The French army is withdrawing from the city of Timbuktu (northern Mali) after eight years of presence. The military base will be returned to the Malian army. 2013-2021: back in pictures on a triumphant arrival and a departure without fanfare.
The departure of the French army from Timbuktu, after Kidal and Tessalit, marks a strong symbolic turning point: it is in this city, holy city of Islam listed as a UNESCO world heritage site, that President François Hollande has formalized the start of French intervention.
It was the February 2, 2013, a few days after the dropping of legionaries on the city placed for eight months under the yoke of jihadist groups. Mr. Hollande, disembarked from Paris, and his Malian counterpart at the time, Dioncounda Traoré, were all smiles: the Malian and French armies had liberated the city.
“Oh! It was joy, it was beautiful“, remembers Mohamed Ibrahim. President of the regional council, he had offered a camel to Mr. Holland. The animal remained in Mali. The legend says that it was eaten.
At the time, “this camp did not exist, we stayed in the small villas in front of the terminal“from the airport,” describes French sergeant Mathieu.
The soldier with twenty years of service is back with the unit responsible for returning the base to the Malians. “The circle is complete“, he smiles.
At the time, “the population was cheering us on when we arrived“, he recalls.
Today, “it’s not the same, even if the atmosphere is not hostile either“.
The triumphal liberation of Timbuktu followed several months of tracking jihadists in the mountains.
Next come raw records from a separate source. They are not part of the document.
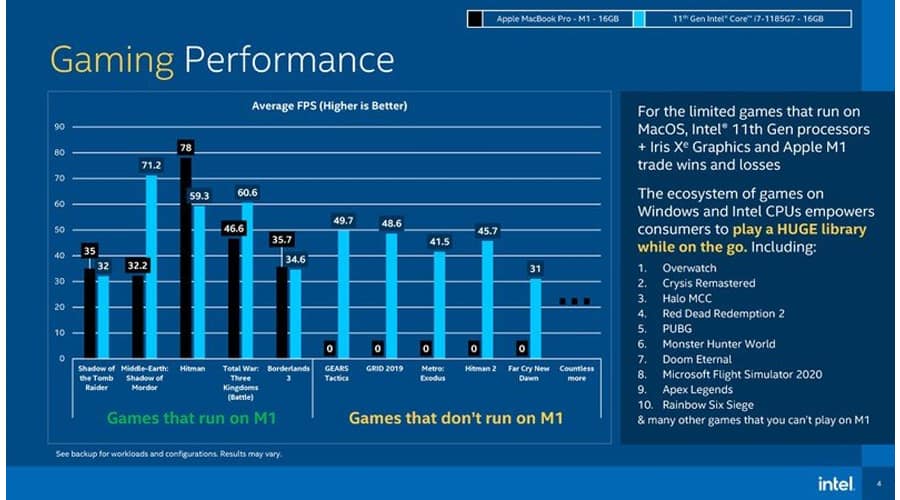 Intel 11th Gen Tiger Lake benchmark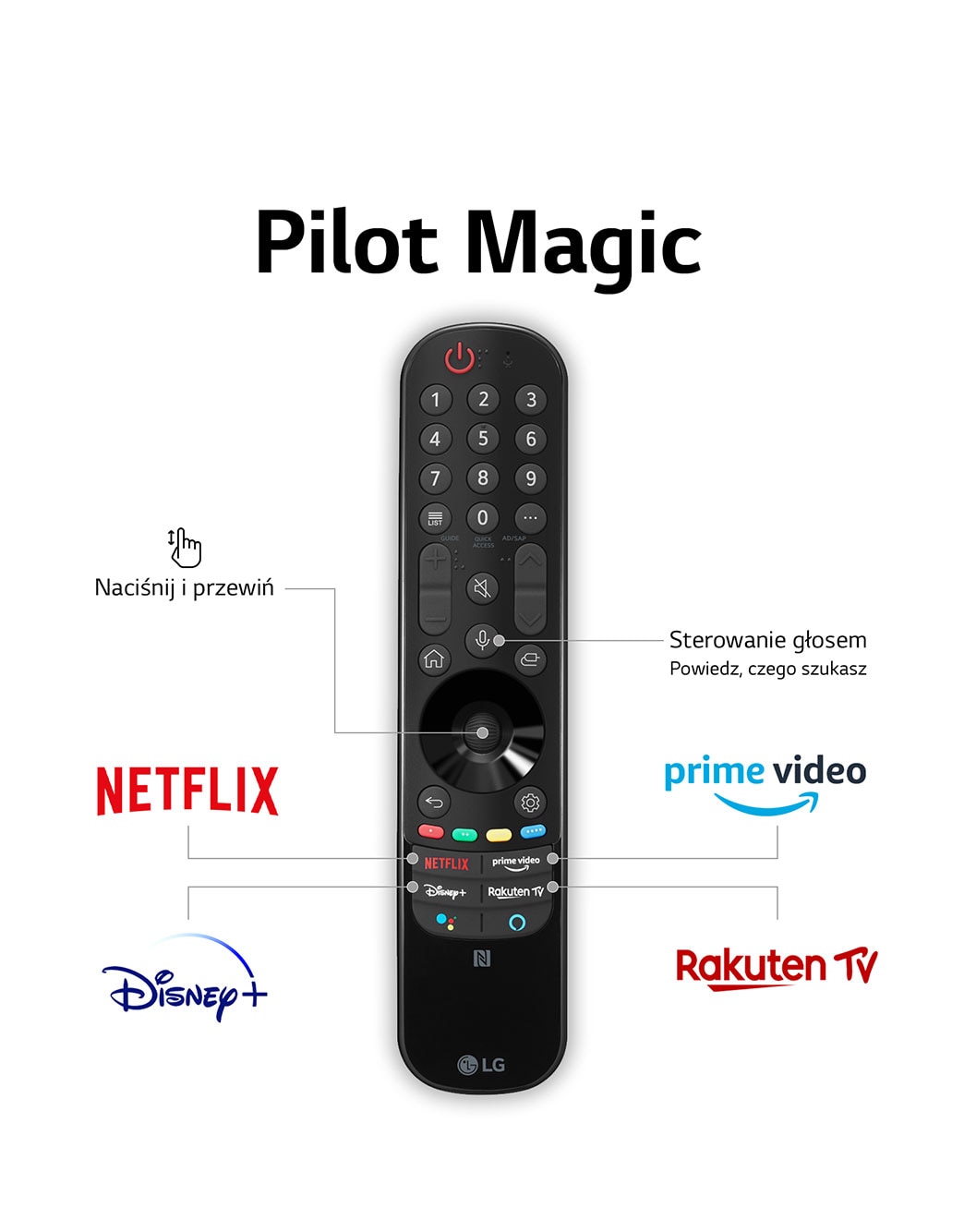 Pilot Magic MR23GN z NFC kompatybilny z TV LG 2023 2022 2021 - Sklep,  Opinie, Cena w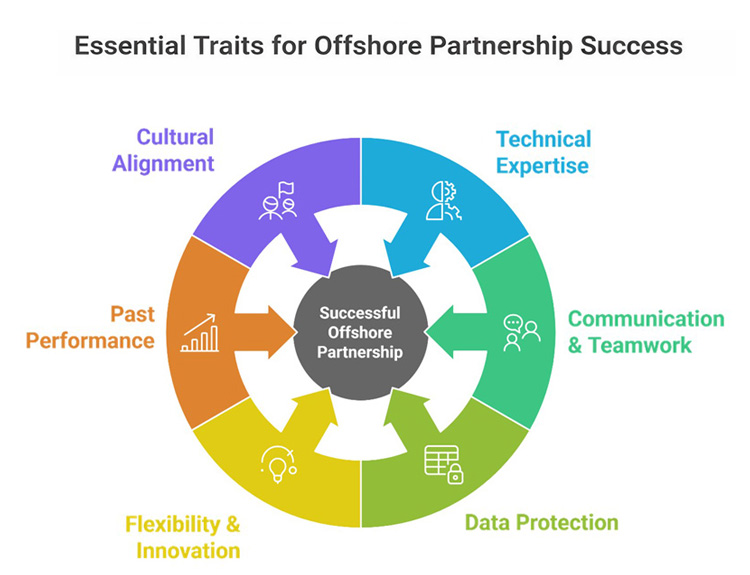 Essential traits to look for in an offshore partnership, including technical expertise, communication, data security, flexibility, cultural alignment, and long-term vision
The following year, the operation Serval transferred to Barkhane, with a mandate extended to neighboring countries.
Almost nine years later, jihadist groups have extended their influence in the Sahelian bushes while Paris, which faces growing hostility in the region, announced the reduction of its engagement in the Sahel (from 5,100 men to 3,000 in the region). horizon 2022).
So when AFP asks Master Corporal Julien, also present in Timbuktu in 2013, if the mission has been accomplished, he sketches a dubious pout. “We have to hope that it gets better for the civilians“, he is satisfied to answer.